**Action item**
Would you retype exactly the lines below, starting with the one that has "Sample Resolution RESOLVED, By" and going on through the one that has "Hélène P Mérelle", with no pictures and nothing else?

Source records
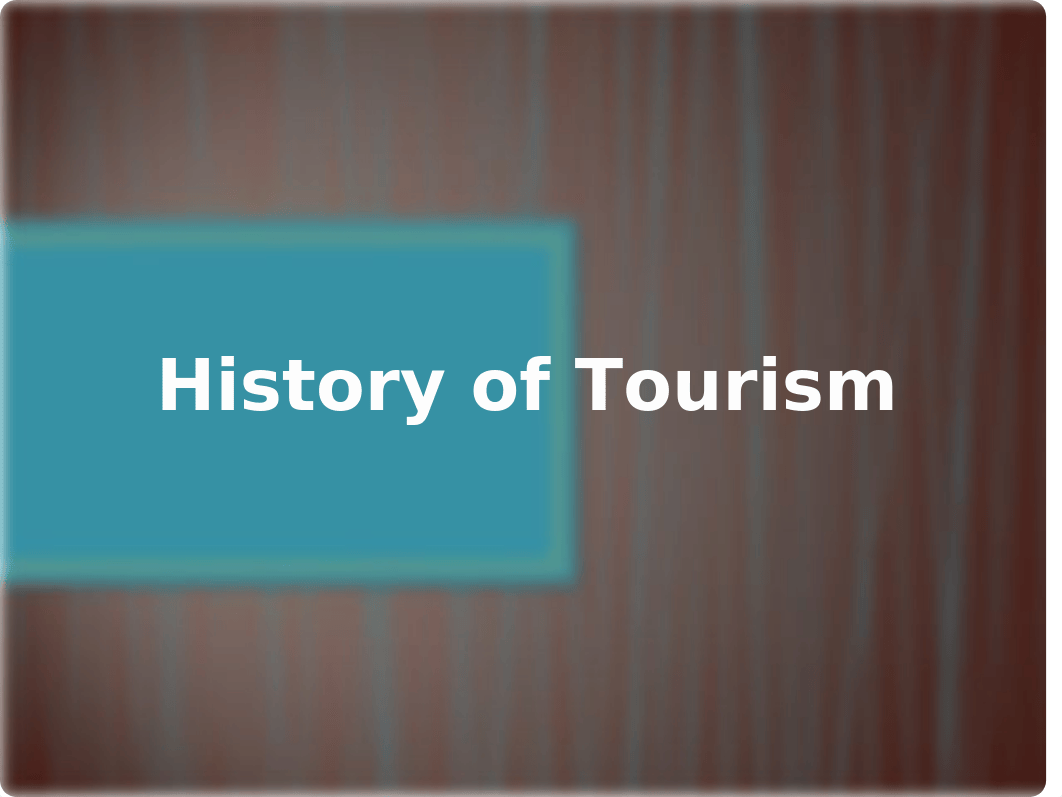 The History of Tourism.pptx_db9c3tgwkvz_page1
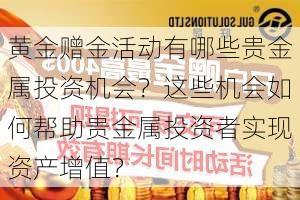 黄金赠金活动有哪些贵金属投资机会？这些机会如何帮助贵金属投资者实现资产增值？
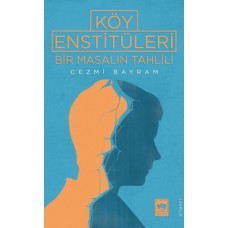 Köy Enstitüleri - Bir Masalın Tahlili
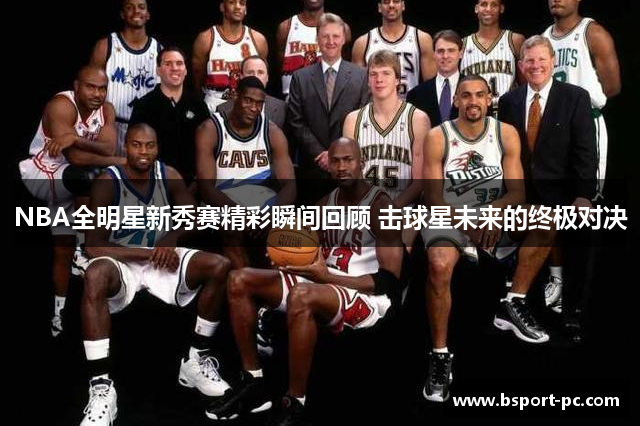 NBA全明星新秀赛精彩瞬间回顾 击球星未来的终极对决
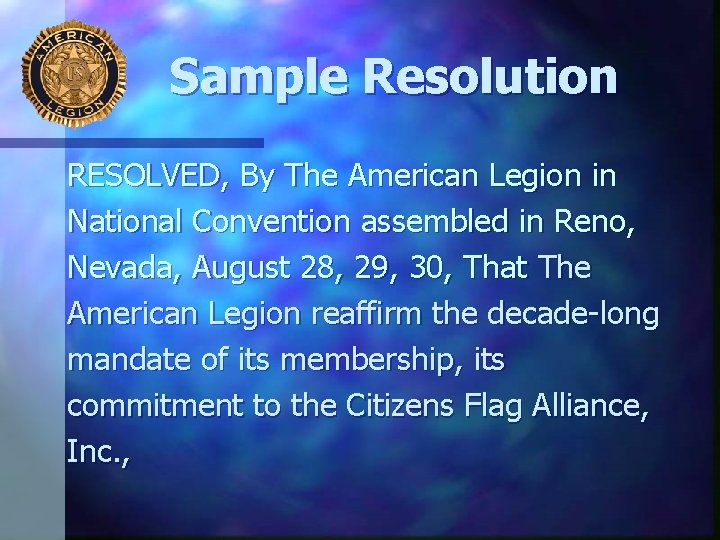 Sample Resolution RESOLVED, By The American Legion in National Convention assembled in Reno, Nevada,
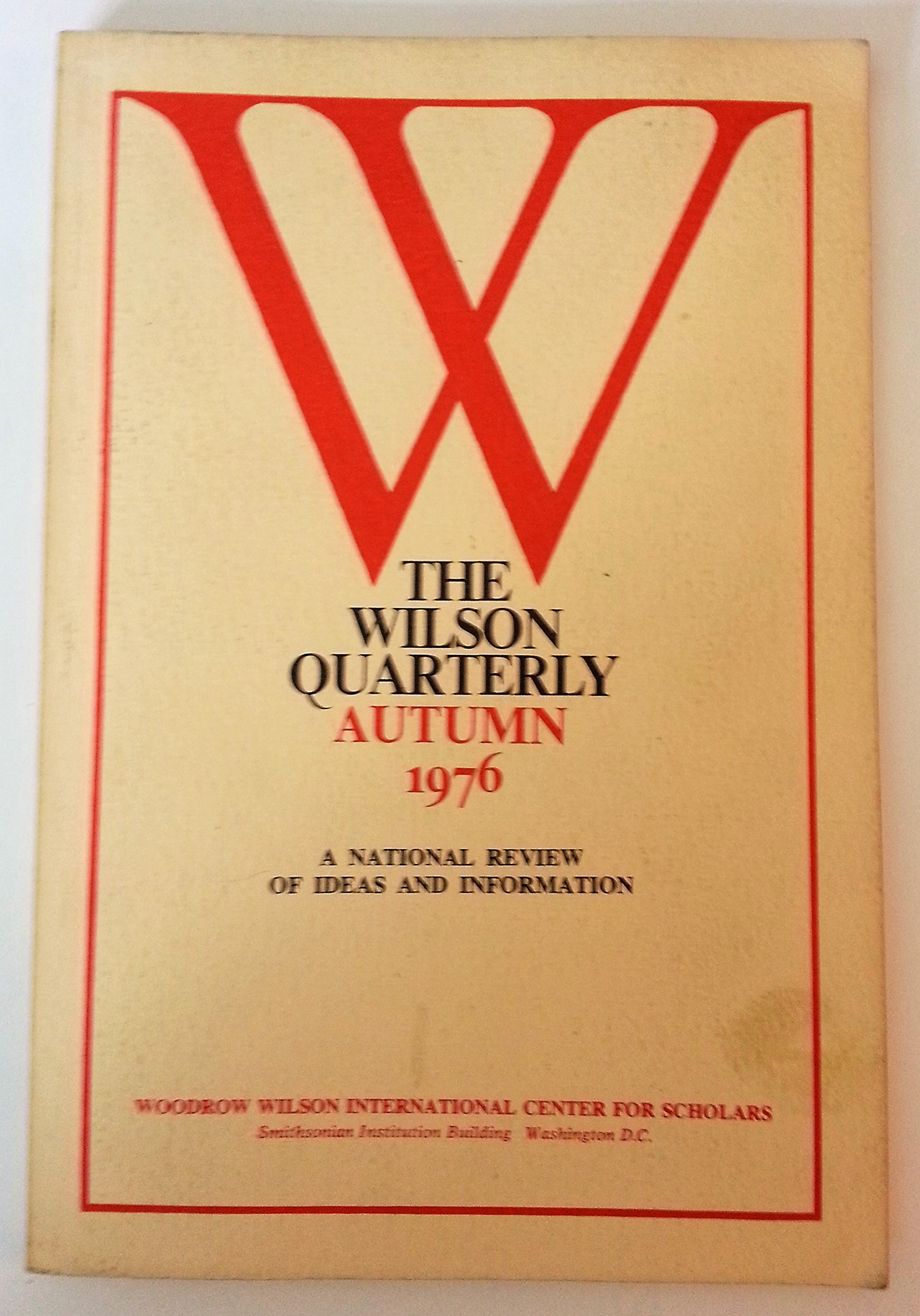 The Wilson Quarterly: Autumn 1976 - A National Review of Ideas and Information (Paperback)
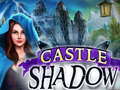 Игри Castle Shadow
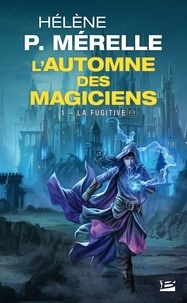 Hélène P Mérelle - L'automne des magiciens Tome 1 : La Fugitive.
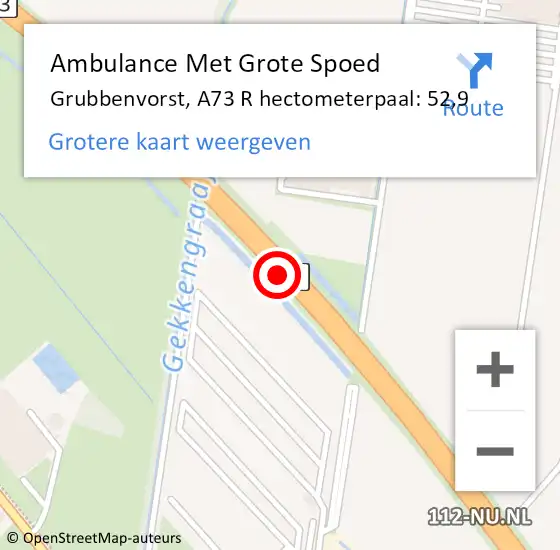 Locatie op kaart van de 112 melding: Ambulance Met Grote Spoed Naar Grubbenvorst, A73 R hectometerpaal: 53,0 op 3 maart 2015 09:14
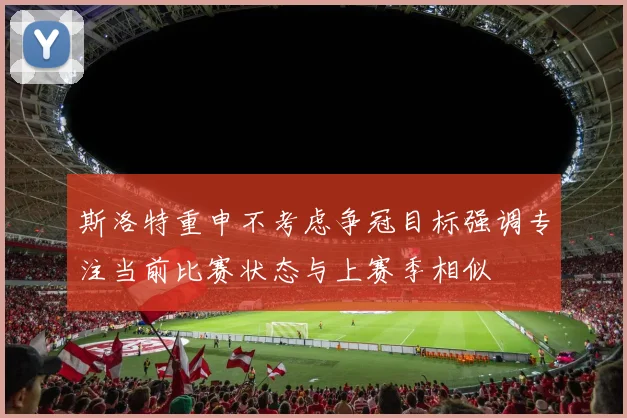 斯洛特重申不考虑争冠目标强调专注当前比赛状态与上赛季相似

**Task result**
 Sample Resolution RESOLVED, By The American Legion in National Convention assembled in Reno, Nevada,
 The Wilson Quarterly: Autumn 1976 - A National Review of Ideas and Information (Paperback)
 Игри Castle Shadow
 Hélène P Mérelle - L'automne des magiciens Tome 1 : La Fugitive.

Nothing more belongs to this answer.